Currently, the average SPAC warrant is worth $1.79 per warrant. These are given to investors who buy blank check units, and IPO investors basically get them for free.

As portfolio managers of the only SPAC-focused ETF, the Accelerate Arbitrage Fund (TSX: ARB), we cannot say that the trade is risk-free as the researchers did, however, we believe it is low-risk. We must caution investors of potential risks and pitfalls in the strategy because mistakes can come with the risk of substantial loss. Similar to Warren Buffett’s investing strategy, SPAC arbitrage is simple but not easy.

Nonetheless, an 11.6% low-risk return is exceptional in an environment in which safe government bonds yield less than 1% and investment grade corporate bonds yield approximately 2%.

It is worthwhile asking, does the current SPAC opportunity set yield the potential for future returns similar to the 11.6% return it earned last year?

Quantifying the Upside in SPAC Arbitrage

SPAC IPOs typically take place at NAV of $10.00, however, they occasionally feature an overfunded trust in which SPAC IPO investors pay $10.00 when the NAV may initially be $10.10, $10.15 or even $10.25. Overfunded trusts give SPAC IPO investors an even higher baseline yield.

As indicated above, the upside optionality in SPAC arbitrage, the segment of SPAC arbitrage that can boost returns above the baseline yield, manifests itself once a blank check company announces a business combination.

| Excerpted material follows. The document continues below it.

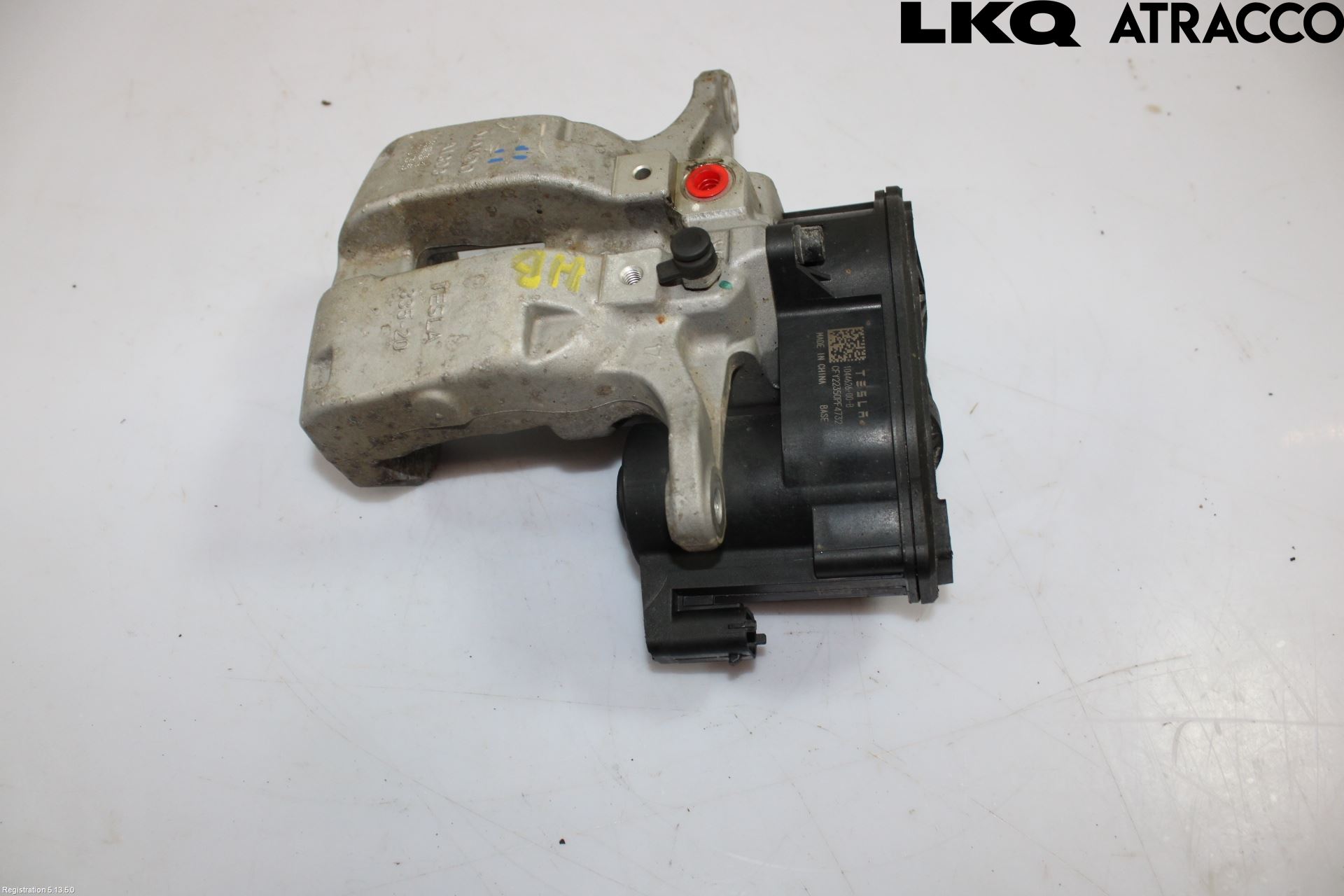 Tesla MODEL 3 17- Bremsecaliper Bak Høyre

There are currently 53 SPACs that have announced but not yet closed a business combination.

Of these, the SPAC units (shares + warrants) are trading at an average premium to NAV of 49.8% and a 34.4% premium to NAV on a median basis.

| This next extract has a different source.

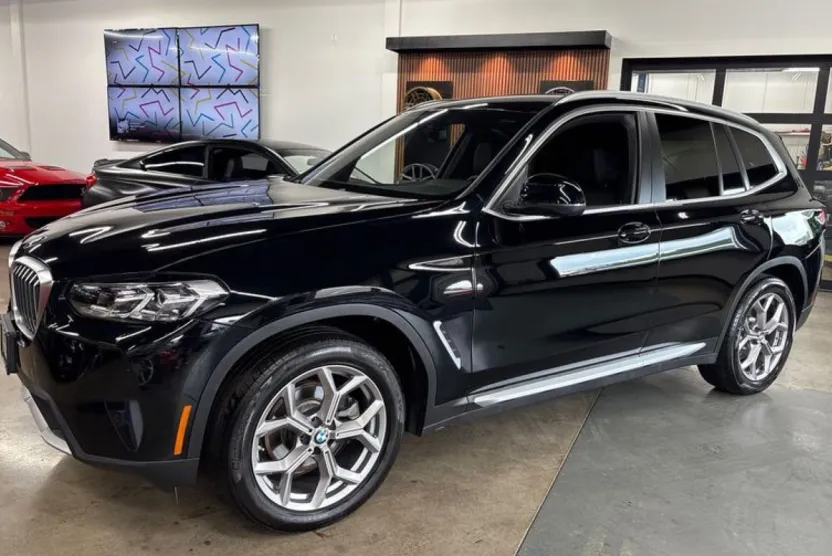 2022 Bmw X3 xDrive30i photo 1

In terms of timing, on average a business combination was announced 373 days, or roughly one year, after a SPAC’s IPO.

The dynamic in which SPACs that have announced business combinations trade to significant premiums means that IPO investors can expect upside of 34% to 49% in one year. For example, in the current environment, SPAC investors buying units at $10.00 in an IPO can expect these units to be worth around $14.00 on average one year from now, assuming current market conditions persist.

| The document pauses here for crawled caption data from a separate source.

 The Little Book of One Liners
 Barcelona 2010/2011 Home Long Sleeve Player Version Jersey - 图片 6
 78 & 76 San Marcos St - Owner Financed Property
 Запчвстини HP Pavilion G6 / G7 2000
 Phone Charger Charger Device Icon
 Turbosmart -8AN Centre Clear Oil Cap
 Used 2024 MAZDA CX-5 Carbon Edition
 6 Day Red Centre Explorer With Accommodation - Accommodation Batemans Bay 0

The upside optionality is earned only if a SPAC strikes a business combination. This year, the vast majority of SPACs have been able to sign a deal. Just one of the past 37 SPACs has liquidated without announcing a deal.

What Can Investors Expect

Academic research showed that SPAC arbitrageurs earned 11.6% for the low-risk investment strategy last year.

In the current environment, given the tremendous upside optionality of 34% to 49% of SPACs that announce deals, investors may expect a higher return than what was earned last year.

Most importantly, SPAC arbitrage’s low-risk nature, in which an investor can redeem blank check shares for their underlying net asset value, limits downside risk.

A US President once said, “Protect the downside and the upside will take care of itself.”

SPAC arbitrage protects the downside, given the redemption and liquidation mechanisms in which investors get their money back plus accrued interest in two years or less.

The significant upside optionality offered by SPACs in the current market environment certainly takes care of itself.